L’omologazione del concordato preventivo richiesto dall’azienda di Saint-Vincent, arrivata ieri dal Tribunale, ha però introdotto un elemento nuovo agli occhi della Procura, certificando l’insolvenza dell’azienda (i crediti non saranno pagati interamente, ma solo in misura percentuale sul totale, come stabilito dal piano). La legge fallimentare prevede che, in caso di fallimento o di ammissione a procedure alternative, qualora gli episodi di falso avessero contribuito ad incrementare il dissesto della società ci si troverebbe dinnanzi ad una bancarotta impropria, o societaria.
Il senso della perizia economico-contabile chiesta dai pm Eugenia Menichetti e Luca Ceccanti al Gip del Tribunale nasce da questa lettura e punta a mettere sotto la lente d’ingrandimento di un perito i bilanci dal 2011 al 2017 della Casa da gioco, per chiarire se le condotte (e, nel caso, quali) di chi ne rivestiva la responsabilità (il reato di bancarotta è proprio di amministratori e sindaci di una società) la abbiano portata alle condizioni attuali. Soprattutto, per acclarare se gli eventuali falsi in bilancio, inducendo in errore sulla reale situazione dell’azienda soggetti quali fornitori e banche, si siano riverberati sullo sbilanciamento tra costi e ricavi della “Casinò de la Vallée”.

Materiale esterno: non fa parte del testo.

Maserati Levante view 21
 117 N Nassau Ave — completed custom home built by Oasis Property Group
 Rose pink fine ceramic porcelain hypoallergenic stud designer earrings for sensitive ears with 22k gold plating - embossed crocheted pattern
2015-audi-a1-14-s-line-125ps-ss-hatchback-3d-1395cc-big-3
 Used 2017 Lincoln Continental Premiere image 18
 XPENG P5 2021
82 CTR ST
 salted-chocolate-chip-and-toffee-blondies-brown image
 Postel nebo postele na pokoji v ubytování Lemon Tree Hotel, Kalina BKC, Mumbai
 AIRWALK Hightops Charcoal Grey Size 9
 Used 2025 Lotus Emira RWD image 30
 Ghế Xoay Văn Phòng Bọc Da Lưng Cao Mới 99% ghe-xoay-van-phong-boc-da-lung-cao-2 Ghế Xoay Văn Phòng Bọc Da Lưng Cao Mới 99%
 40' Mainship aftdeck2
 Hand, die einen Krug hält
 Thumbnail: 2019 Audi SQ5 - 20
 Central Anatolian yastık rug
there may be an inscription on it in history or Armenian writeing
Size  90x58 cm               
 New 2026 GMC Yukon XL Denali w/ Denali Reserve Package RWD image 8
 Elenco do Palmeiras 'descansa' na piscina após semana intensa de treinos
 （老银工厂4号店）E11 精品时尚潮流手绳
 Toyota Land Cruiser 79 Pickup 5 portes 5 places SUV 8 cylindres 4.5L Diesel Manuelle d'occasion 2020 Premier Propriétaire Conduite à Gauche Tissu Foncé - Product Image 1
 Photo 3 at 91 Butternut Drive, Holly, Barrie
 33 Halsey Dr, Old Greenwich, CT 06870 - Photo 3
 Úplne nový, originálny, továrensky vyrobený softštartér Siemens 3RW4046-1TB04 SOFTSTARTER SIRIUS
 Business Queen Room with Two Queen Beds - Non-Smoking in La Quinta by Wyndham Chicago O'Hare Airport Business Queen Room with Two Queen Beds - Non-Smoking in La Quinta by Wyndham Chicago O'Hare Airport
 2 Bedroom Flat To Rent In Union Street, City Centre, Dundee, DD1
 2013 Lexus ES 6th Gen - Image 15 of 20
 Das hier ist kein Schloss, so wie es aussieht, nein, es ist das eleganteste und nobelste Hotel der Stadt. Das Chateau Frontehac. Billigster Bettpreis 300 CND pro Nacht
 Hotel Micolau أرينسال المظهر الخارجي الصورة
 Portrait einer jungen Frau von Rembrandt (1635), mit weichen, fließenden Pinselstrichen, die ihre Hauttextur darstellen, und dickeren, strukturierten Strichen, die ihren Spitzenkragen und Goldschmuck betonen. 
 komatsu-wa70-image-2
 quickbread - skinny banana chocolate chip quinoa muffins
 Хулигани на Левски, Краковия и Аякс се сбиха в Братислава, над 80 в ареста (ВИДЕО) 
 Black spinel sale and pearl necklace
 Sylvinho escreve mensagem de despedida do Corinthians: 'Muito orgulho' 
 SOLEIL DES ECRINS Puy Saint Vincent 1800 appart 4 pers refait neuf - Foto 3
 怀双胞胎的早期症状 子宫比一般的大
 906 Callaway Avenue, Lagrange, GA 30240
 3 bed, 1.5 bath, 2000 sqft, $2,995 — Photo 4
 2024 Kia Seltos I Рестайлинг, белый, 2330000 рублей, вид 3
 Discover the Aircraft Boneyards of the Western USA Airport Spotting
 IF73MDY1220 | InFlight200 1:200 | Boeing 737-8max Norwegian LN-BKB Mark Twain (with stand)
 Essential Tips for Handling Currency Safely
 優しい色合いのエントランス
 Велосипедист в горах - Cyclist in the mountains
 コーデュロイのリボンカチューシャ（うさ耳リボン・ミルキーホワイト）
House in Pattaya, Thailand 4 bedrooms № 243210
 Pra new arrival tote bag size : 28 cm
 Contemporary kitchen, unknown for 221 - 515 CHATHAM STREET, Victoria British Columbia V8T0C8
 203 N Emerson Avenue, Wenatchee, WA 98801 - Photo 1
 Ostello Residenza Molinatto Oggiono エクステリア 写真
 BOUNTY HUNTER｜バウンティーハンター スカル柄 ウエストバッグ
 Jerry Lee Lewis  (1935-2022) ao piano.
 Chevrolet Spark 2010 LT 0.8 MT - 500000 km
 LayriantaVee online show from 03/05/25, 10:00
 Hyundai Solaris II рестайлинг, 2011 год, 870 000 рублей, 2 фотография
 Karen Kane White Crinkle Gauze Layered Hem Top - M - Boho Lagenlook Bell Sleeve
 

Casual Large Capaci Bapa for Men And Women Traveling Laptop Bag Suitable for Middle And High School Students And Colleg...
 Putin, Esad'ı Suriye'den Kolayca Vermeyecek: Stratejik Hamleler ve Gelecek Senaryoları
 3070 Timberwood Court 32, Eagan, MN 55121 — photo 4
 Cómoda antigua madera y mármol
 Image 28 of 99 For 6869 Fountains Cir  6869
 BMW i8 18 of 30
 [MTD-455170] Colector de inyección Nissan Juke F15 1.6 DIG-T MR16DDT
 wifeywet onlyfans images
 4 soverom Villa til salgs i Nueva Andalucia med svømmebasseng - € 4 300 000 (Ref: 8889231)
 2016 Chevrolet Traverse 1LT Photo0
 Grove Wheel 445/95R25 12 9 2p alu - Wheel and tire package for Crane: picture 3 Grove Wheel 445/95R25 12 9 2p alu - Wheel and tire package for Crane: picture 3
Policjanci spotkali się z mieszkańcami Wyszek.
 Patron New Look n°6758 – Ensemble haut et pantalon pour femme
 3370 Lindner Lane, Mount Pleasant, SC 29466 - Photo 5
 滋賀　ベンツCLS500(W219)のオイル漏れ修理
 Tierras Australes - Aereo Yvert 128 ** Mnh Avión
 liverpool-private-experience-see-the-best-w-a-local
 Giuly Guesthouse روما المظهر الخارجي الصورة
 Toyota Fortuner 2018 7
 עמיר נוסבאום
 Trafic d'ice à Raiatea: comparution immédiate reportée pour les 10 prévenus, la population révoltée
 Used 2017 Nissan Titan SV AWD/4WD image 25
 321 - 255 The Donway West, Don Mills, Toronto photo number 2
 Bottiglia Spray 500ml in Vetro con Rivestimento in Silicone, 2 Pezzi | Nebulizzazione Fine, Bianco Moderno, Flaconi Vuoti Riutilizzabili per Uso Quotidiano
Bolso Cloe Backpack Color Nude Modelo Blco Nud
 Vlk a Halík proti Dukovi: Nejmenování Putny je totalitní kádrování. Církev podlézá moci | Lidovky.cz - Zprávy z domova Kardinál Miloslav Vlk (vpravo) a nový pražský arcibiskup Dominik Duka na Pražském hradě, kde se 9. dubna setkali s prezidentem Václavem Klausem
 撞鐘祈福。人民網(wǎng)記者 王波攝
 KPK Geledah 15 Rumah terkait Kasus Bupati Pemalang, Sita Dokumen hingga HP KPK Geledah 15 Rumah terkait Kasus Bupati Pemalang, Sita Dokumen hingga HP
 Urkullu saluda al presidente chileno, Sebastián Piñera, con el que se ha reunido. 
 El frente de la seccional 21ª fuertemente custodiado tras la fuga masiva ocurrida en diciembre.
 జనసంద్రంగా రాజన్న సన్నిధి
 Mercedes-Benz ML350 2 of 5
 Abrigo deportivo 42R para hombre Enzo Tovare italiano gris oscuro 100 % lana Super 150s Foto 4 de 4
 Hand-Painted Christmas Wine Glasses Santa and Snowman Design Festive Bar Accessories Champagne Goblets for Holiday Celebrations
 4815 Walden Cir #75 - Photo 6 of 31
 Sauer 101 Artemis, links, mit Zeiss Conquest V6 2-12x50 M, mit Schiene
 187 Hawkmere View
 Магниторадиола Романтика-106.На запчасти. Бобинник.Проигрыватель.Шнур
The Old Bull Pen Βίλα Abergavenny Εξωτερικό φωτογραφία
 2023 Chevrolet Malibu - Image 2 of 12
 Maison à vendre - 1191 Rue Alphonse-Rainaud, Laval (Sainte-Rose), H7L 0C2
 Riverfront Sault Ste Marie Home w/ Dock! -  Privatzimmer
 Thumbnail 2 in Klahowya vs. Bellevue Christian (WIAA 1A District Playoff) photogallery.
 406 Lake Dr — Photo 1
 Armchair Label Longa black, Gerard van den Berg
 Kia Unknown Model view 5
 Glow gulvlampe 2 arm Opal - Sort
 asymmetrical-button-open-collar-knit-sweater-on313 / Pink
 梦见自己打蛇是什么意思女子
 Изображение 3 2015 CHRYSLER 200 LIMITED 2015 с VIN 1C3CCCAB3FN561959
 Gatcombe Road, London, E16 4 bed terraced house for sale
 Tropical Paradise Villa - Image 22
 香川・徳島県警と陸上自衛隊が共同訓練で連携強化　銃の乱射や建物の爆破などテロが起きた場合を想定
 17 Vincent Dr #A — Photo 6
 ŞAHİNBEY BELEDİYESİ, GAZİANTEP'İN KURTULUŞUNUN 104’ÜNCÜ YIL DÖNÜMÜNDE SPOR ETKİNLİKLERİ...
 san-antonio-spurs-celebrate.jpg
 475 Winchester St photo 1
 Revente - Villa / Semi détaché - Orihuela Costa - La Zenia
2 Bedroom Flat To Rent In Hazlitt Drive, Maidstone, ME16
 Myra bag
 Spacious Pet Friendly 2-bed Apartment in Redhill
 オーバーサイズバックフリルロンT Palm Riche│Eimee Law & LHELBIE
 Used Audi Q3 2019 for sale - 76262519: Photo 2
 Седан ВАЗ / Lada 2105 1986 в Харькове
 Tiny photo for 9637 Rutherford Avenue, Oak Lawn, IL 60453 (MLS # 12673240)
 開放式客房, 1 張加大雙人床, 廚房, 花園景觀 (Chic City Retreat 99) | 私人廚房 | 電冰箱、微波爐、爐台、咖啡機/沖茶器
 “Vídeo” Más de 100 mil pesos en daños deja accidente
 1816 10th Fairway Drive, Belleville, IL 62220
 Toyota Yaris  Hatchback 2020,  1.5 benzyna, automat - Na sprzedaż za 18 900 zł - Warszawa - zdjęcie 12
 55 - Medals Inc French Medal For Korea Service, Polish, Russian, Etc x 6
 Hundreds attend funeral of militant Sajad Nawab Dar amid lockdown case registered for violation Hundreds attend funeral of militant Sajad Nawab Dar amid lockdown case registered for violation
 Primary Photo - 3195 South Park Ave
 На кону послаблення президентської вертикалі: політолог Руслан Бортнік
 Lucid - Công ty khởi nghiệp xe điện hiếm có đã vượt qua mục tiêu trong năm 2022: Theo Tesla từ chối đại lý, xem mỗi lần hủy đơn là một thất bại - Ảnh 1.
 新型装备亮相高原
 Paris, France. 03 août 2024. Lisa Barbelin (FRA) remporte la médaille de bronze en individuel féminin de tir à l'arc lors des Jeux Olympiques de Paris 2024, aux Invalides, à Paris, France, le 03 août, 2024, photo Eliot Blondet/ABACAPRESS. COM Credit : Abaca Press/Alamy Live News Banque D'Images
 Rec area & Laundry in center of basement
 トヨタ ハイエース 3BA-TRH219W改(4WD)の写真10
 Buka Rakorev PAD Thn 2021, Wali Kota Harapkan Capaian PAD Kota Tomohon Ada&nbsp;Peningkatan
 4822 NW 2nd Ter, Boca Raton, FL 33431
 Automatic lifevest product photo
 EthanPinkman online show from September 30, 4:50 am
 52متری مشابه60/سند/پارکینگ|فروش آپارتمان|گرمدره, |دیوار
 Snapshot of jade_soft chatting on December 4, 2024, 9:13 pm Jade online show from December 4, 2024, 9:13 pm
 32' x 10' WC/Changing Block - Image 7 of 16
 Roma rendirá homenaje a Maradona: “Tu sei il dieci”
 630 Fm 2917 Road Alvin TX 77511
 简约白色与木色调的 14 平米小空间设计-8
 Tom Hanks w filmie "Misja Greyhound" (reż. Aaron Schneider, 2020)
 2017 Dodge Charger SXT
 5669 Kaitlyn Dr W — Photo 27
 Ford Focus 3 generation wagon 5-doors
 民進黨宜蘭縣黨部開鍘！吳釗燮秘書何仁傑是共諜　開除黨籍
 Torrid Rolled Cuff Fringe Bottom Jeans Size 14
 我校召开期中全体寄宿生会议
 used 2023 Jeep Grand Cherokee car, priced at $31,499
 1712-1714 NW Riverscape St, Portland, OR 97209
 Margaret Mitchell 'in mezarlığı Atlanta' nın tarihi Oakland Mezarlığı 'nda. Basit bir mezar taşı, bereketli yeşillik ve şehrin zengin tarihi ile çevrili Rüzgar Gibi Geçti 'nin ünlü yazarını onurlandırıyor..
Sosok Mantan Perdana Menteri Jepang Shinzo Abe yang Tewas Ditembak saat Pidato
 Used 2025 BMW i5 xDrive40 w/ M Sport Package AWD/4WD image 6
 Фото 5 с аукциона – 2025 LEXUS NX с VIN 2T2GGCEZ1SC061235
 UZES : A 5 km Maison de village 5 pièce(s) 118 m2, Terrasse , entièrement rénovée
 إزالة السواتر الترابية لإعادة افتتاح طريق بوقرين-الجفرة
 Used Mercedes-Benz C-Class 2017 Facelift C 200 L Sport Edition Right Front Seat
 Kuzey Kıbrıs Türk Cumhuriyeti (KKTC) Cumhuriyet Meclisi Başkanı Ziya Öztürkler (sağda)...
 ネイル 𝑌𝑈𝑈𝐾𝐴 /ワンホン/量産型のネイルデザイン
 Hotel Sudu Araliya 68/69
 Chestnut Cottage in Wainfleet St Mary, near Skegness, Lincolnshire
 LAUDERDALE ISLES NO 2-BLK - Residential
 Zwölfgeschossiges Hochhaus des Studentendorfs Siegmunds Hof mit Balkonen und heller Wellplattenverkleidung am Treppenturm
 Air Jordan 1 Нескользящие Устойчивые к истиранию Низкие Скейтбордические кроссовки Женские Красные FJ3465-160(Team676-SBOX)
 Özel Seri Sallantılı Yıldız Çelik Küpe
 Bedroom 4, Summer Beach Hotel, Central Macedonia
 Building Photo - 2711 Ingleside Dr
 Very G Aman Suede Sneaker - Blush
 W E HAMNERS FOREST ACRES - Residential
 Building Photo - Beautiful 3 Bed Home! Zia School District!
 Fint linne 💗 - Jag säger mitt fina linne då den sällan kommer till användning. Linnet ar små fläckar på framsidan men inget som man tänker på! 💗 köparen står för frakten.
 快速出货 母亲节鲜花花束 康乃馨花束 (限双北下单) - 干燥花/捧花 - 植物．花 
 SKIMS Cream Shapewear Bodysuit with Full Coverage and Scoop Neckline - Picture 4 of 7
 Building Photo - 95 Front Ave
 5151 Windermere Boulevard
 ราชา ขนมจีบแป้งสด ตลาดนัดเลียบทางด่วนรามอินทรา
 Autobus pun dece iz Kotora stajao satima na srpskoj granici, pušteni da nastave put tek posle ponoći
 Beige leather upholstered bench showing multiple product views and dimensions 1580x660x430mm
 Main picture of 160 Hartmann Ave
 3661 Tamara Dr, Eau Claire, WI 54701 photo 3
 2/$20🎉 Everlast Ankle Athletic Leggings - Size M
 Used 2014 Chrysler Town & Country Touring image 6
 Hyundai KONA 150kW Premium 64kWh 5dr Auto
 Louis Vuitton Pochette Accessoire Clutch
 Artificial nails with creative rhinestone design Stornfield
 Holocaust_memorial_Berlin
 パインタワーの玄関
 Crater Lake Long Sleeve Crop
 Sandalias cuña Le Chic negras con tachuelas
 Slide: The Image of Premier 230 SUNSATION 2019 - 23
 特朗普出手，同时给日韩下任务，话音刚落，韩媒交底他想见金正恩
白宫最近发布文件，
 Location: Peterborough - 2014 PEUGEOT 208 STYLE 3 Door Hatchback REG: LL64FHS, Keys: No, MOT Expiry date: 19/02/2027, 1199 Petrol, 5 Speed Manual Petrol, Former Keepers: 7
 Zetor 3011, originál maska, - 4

Si tratta di un accertamento dal valore cruciale per la Procura, sia perché costituisce il massimo (e definitivo) livello di approfondimento immaginato sino ad oggi a livello inquirente sugli ultimi dieci anni di gestione della Casa da gioco, sia perché la scelta dell’incidente probatorio consentirebbe ai sostituti del Procuratore capo Paolo Fortuna di disporre, ancora nella fase delle indagini preliminari, di una prova – valida ed utilizzabile nel processo che potrebbe scaturire dall’inchiesta – dei reati eventualmente commessi nella conduzione aziendale.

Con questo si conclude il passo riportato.